Coronavirus disease 2019 (COVID-19), caused by severe acute respiratory syndrome coronavirus 2 (SARS-
CoV-2), has exploded into a global pandemic causing significant loss of life, pronounced economic impact and
significant long-term medical impacts which are still being characterized. Despite impressive protection afforded
by the current SARS-CoV-2 vaccines which are primarily mediated by antibody neutralization of virus, these
antibodies wane over time and new viral variants have emerged that are less susceptible toby these antibodies.
A major question is whether memory T cells afford more long-lasting protection during SARS-CoV-2 infection.
Prior studies showed that people who recovered from SARS-CoV infection from 2003 exhibited SARS-CoV-
specific memory CD8+ T cell responses in peripheral blood for up to 11 years, virus-specific antibodies were not
detectable at 6 years, and there was no cross-reactivity with MERS-CoV peptide1,2. For the current pandemic,
we are starting to learn what types of memory T and B cells form after SARS-Cov2 infection in the blood, however
we have no idea the longevity of these responses. More importantly, we know very little about the pulmonary
memory T and B cells that form in the lung after SARS-CoV-2 infection and, based on what has been
learned from other viruses, these may be the most protective memory cells needed for superior long-
term immunity to reinfection.
In this collaborative proposal between the Teijaro, Kaech and Farber labs, we bring together world-
class expertise in anti-viral immunity and lung pathogenesis, immunological memory and human immunology
to study the development and protective role of lung-resident TRM cells in SARS-CoV-2. In Aim 1, we will
study the fundamentals of SARS-CoV-2 TRM development in the lungs of hACE2-transgenic mice and
determine whether TRM are required for long- term immunity, through genetic perturbations of Tgfbr2 and
Smad4 in T cells, which are differentially required for TRM differentiation3, and the depletion of circulating
memory cells. In Aim 2, we will examine if lung TRM cells contribute to the protection afforded by mRNA
vaccines to better understand the role, if any, of memory T cells in mediating protection to SARS-CoV-2 and
notable variants of concern (VOC). Lastly, in Aim 3, we extend and complement our studies in mice to Dr.

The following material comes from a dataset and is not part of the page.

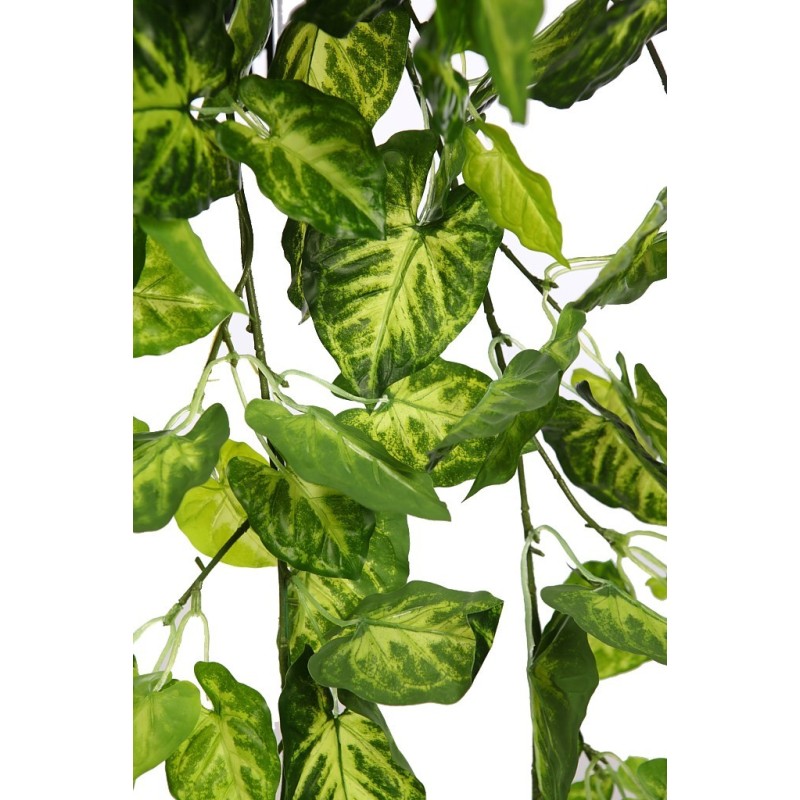 PLANTA SINGONIO COLGANTE 70CM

Farber’s human donor repository to assess human memory formation following SARS-CoV-2 infection and
vaccination. We hope to answer the basic question of which types of memory T cells form after SARS-
CoV-2 infection and confer long-term protective immunity to this virus and VOCs. These studies will
provide critical information related to the quality of immunological memory that forms after SARS-CoV-
2 infection in mice and humans and will serve to guide current and future vaccine development.